Task data:
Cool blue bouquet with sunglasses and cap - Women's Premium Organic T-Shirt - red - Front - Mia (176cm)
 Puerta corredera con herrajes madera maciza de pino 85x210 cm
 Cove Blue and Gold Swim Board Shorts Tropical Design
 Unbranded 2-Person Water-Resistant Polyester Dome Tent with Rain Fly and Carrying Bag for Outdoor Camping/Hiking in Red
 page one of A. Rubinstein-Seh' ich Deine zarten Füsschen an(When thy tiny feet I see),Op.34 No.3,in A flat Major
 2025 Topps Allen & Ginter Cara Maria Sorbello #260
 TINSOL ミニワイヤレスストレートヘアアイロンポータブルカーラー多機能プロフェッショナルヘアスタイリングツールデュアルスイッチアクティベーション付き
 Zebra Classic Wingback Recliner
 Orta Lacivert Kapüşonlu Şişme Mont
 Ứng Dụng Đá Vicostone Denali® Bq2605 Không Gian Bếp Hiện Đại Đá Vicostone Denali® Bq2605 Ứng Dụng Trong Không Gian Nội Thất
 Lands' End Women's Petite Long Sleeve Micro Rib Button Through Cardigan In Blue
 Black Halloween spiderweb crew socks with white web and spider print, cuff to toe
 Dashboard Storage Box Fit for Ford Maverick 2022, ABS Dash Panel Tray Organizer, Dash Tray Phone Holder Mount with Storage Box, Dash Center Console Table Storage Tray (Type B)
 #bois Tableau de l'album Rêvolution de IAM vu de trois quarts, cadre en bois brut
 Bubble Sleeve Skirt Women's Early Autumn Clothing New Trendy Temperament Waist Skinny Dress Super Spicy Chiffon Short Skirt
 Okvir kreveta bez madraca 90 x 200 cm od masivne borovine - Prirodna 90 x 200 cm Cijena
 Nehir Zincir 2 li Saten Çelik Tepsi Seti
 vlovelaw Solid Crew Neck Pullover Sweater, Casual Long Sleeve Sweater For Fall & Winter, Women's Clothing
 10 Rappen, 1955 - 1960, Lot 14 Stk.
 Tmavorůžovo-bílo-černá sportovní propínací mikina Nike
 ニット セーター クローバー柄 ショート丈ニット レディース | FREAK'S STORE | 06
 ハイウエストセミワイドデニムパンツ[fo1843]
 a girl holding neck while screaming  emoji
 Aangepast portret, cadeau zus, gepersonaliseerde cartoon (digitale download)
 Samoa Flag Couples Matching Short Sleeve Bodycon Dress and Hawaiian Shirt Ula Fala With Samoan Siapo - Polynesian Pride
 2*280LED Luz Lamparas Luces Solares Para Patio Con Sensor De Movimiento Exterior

Task objective: Reproduce exactly the lines above from the line with "#bois Tableau de" to the line with "vlovelaw Solid Crew", including both, and add nothing.

Solution to this exercise:
 #bois Tableau de l'album Rêvolution de IAM vu de trois quarts, cadre en bois brut
 Bubble Sleeve Skirt Women's Early Autumn Clothing New Trendy Temperament Waist Skinny Dress Super Spicy Chiffon Short Skirt
 Okvir kreveta bez madraca 90 x 200 cm od masivne borovine - Prirodna 90 x 200 cm Cijena
 Nehir Zincir 2 li Saten Çelik Tepsi Seti
 vlovelaw Solid Crew Neck Pullover Sweater, Casual Long Sleeve Sweater For Fall & Winter, Women's Clothing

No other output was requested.